• [RECORDED INFORMATION]:
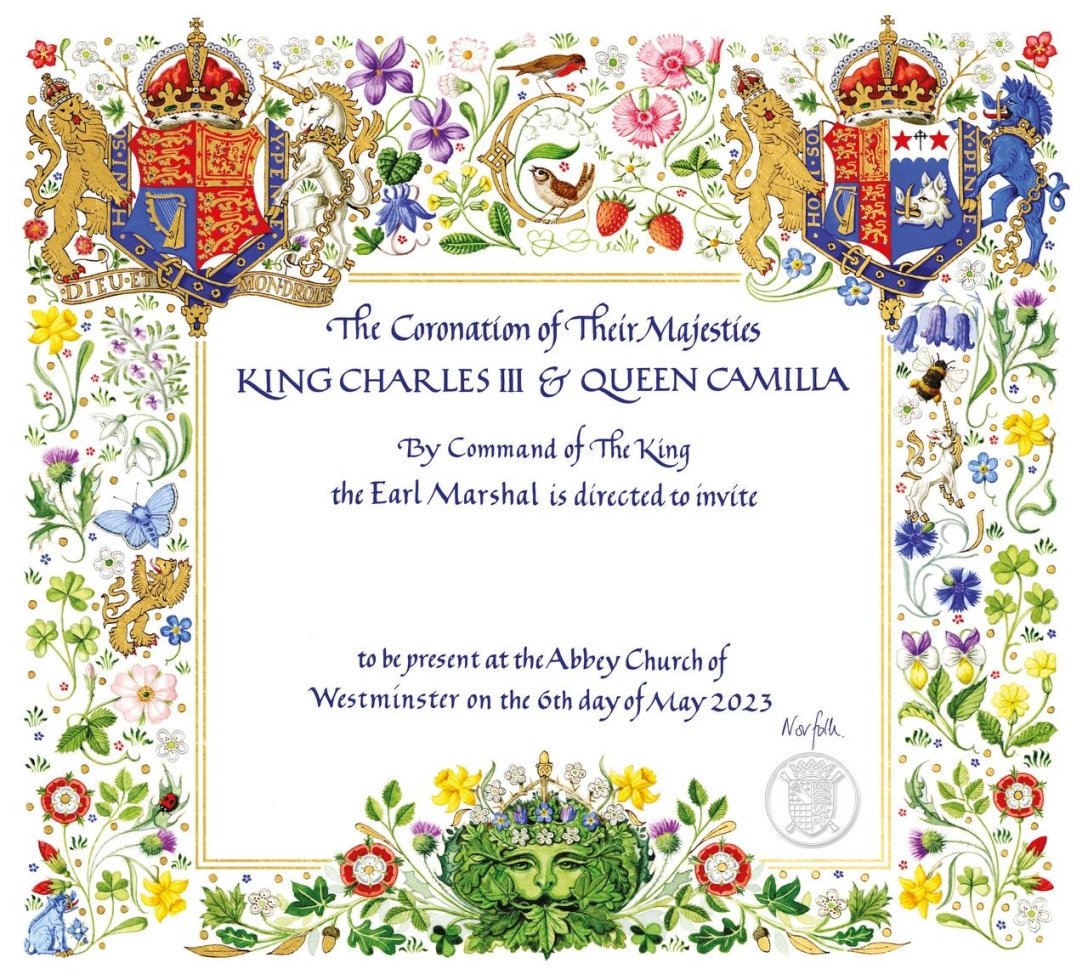 запрошення на коронацію, коронація короля карла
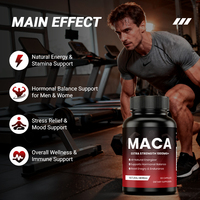 Capsules de racine de maca 1000 mg - Soutien énergétique naturel et supplément de vitalité quotidienne pour adultes actifs, 120 capsules végétaliennes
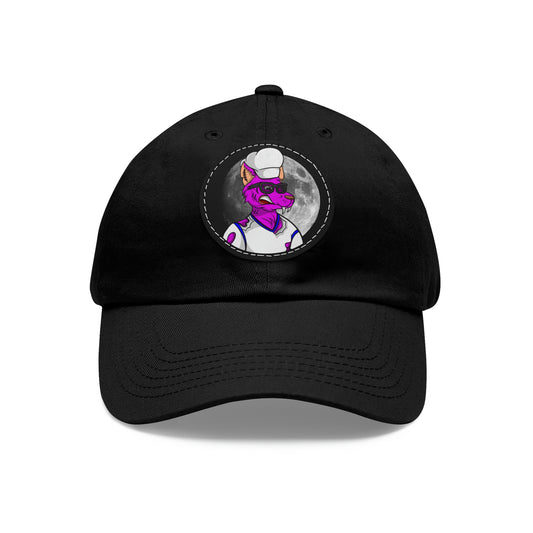 Werewolve Chef Full Moon Dad Hat with Leather Patch (Round)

• [WHAT IS NEEDED]:
Return the listing above in full and without alteration, excluding its pictures.

• [COMPLETED EXERCISE]:
 запрошення на коронацію, коронація короля карла
 Capsules de racine de maca 1000 mg - Soutien énergétique naturel et supplément de vitalité quotidienne pour adultes actifs, 120 capsules végétaliennes
 Werewolve Chef Full Moon Dad Hat with Leather Patch (Round)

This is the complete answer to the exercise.